Tek-Tips is the largest IT community on the Internet today!

Members share and learn making Tek-Tips Forums the best source of peer-reviewed technical information on the Internet!

  • Congratulations gkittelson on being selected by the Tek-Tips community for having the most helpful posts in the forums last week. Way to Go!

Import or Append what else could work for a big comma-delimited file to be transferred into *.dbf ? 6

Status
Not open for further replies.

german12

Programmer
Nov 12, 2001
563
DE
When I have a textfile like this:

aa105, bbb, ccc, ddd......
aa106a, bb, cc176, ddfa34....

and a very huge amount of further lines.

it is of course possible to transfer that into a *.dbf - file by using
APPEND FROM FileName | ?[FIELDS FieldList said:
[FOR lExpression] [[TYPE] [DELIMITED [WITH Delimiter | WITH BLANK | WITH TAB | WITH CHARACTER Delimiter] | DIF | FW2 | MOD | PDOX | RPD | SDF | SYLK | WK1 | WK3 | WKS | WR1 | WRK | CSV | XLS | XL5 [SHEET cSheetName] | XL8 [SHEET cSheetName]]] [AS nCodePage]]

but that only works, when the amount of data does not exceed the restricted 2 GB Limit for a *.dbf in VFP.

Is there any possibility to pick only the 2nd. "column" in the sample above, when only that is needed?
(It is the "column" with bbb, bb above).
So instead of dividing a textfile "horizontal" into a lot of parts, could it be that it could be done "vertical", by filtering only every 2nd. string (or 3rd,4th)(which could it make possible to split the text into several
*dbf's and therefore it could be possible to create just a few *dbf's?

Again - to take that sample above:
Can I create the following dbfs somehow?:

DBF#1: aa105
aa106a

DBF#2: bbb
bb

DBF#3:cc
cc176

DBF#4:ddd
ddfa34

Could low-level functions eventually help here?
Unfortunately I have no experience with that commands.

Thanks in advance

Klaus


Peace worldwide - it starts here...
 
Hi Klaus,

I have done a similar task many many times. There are many ways of doing this. In general, I usually do it this way (you might have to look up the syntax of these functions):

1. Create each dbf.

2. Convert the csv file to a string using the ALINES() and FILETOSTR() functions. Each line will be one row of the array.

3. Use FOR...NEXT loop to process each line.

4. Use GETWORDCOUNT() and GETWORDNUM() functions to parse each line into individual memory variables and INSERT each mvar into its corresponding table. You might even do this in a single command.

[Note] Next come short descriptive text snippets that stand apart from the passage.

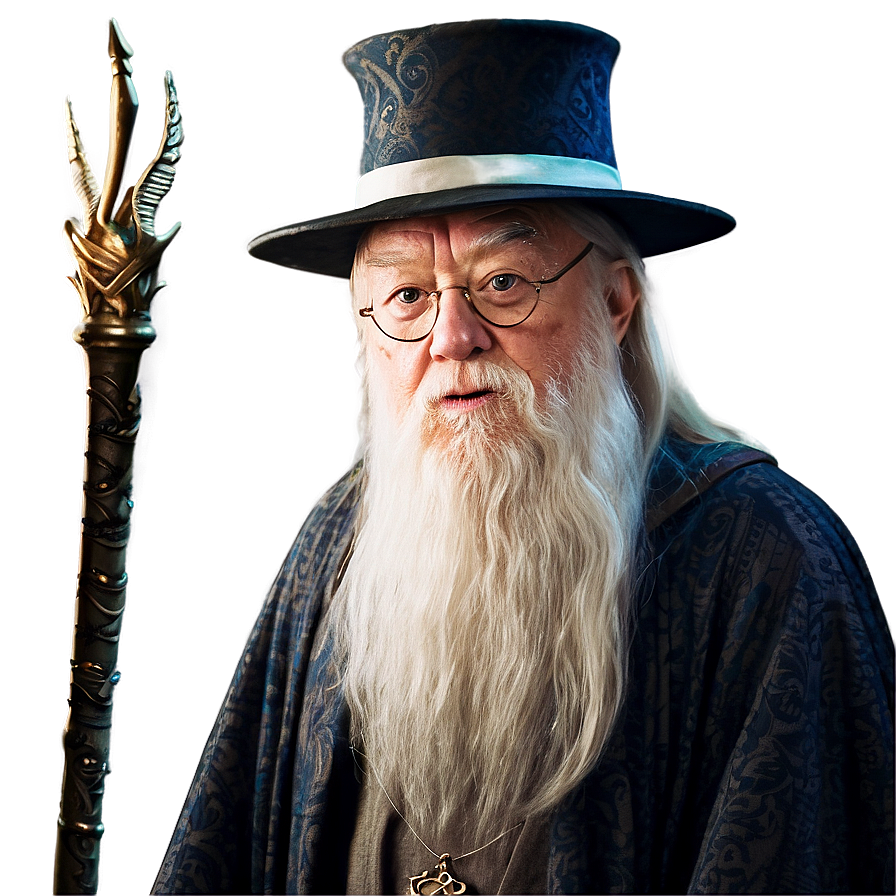 Dumbledore Portrait Png Pou PNG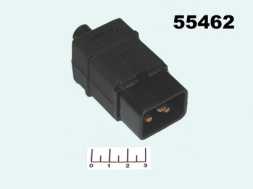 Разъем питания 3pin штекер C20 на кабель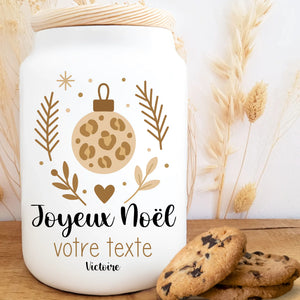 XMAS BOULE – Cadeau personnalisé – Henriette & Co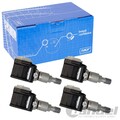 4x SKF REIFENDRUCKSENSOREN RDKS TMPS passend für FIAT SEDICI OPEL AGILA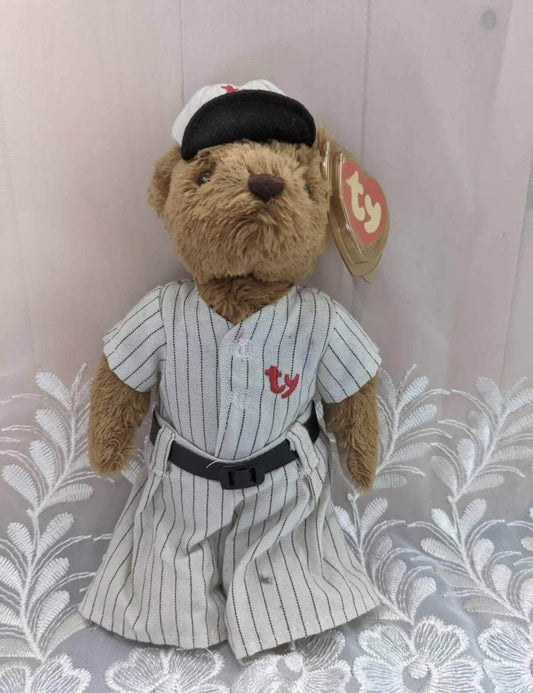 Ty Attic Treasure Collection - Cooper The Baseball Bear (8in) - Vintage Beanies Canada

Hopefully, this can get you started, at least until you have specific questions.

Steve


 
Klaus,

Considering that if the source data itself is bigger than 2 GB, there is no way that VFP will be able to properly process the file natively, you may contemplate using the CSVProcessor class at for this.

Code:
* 
* previously: put the CSVProcessor class in scope, something like
*  DO LOCFILE("csv.prg")
*

* prepare the CSV sample data

LOCAL SampleData AS String

TEXT TO m.SampleData NOSHOW
aa105, bbb, ccc, ddd
aa106a, bb, cc176, ddfa34
ENDTEXT

* prepare the CSVProcessor object

LOCAL CSVP AS CSVProcessor

m.CSVP = CREATEOBJECT("CSVProcessor")

* the CSV source data has no header row (so it seems)
m.CSVP.HeaderRow = .F.
* and we want to trim the source data
m.CSVP.InTrimmer = 3

* we need just to import the 2nd and 4th columns, the Bs and the Ds
CREATE CURSOR TargetCursor (Bs Varchar(20), Ds Varchar(20))

m.CSVP.FieldMapping.Add("csv column not imported")
m.CSVP.FieldMapping.Add("Bs")
m.CSVP.FieldMapping.Add("csv column not imported")
m.CSVP.FieldMapping.Add("Ds")

* into this cursor

m.CSVP.Workarea = "TargetCursor"

* note: if the CSV data has a header row, the filtering can be made
*   by mapping columns of the target cursor to columns in the CSV file.

* load from the source string (but it could be from a file)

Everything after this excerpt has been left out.